When you are looking for ways to help Angel Foundation with our mission, you shouldn’t feel like you are choosing between your philanthropic goals and financial security. One gift that allows you to support Angel Foundation’s work while receiving fixed payments for life is a charitable gift annuity.
Not only does this gift provide you with regular payments and allow us to further our work, but when you create a charitable gift annuity with Angel Foundation you can receive a variety of tax benefits, including a federal income tax charitable deduction.
Delay Your Payments
If you are younger than 60 or don’t need your payments immediately, you can set up a deferred gift annuity. This allows you to delay receiving payments until a later date—such as when you reach retirement.

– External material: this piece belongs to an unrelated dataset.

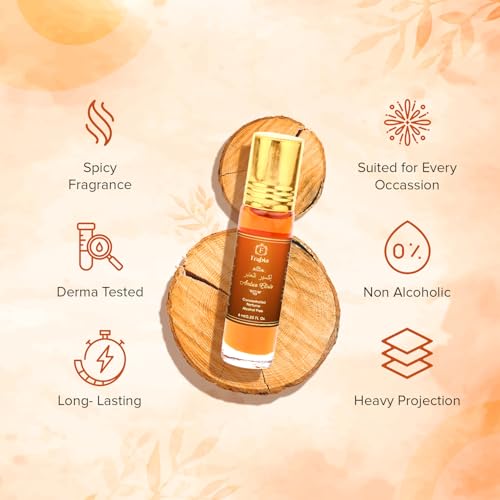 Image of Amber Musk Perfume Oil for Men & Women | Long Lasting Alcohol-Free Attar | Warm Woody Musky Fragrance | Roll-On Concentrated Perfume Oil, 6 ml / 0.2 fl Oz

You can use the following assets to fund a charitable gift annuity:
- Cash—usually in the form of a check—is one of the most common ways to fund a charitable gift annuity.
- Appreciated Securities
- By funding a charitable gift annuity with appreciated securities you’ve owned more than a year, you receive the additional benefit of eliminating part of the capital gains tax on the transfer.
- Closely Held Stock
- Use this asset, which is not easily converted to cash, to create a charitable gift annuity and receive tax benefits.
- Real Estate
- Unencumbered real estate such as a personal residence, vacation home, farm or commercial property works best to fund a deferred charitable gift annuity.
- Tangible Personal Property
- Use non-income producing assets such as stamp and coin collections or works of art in exchange for fixed payments for life.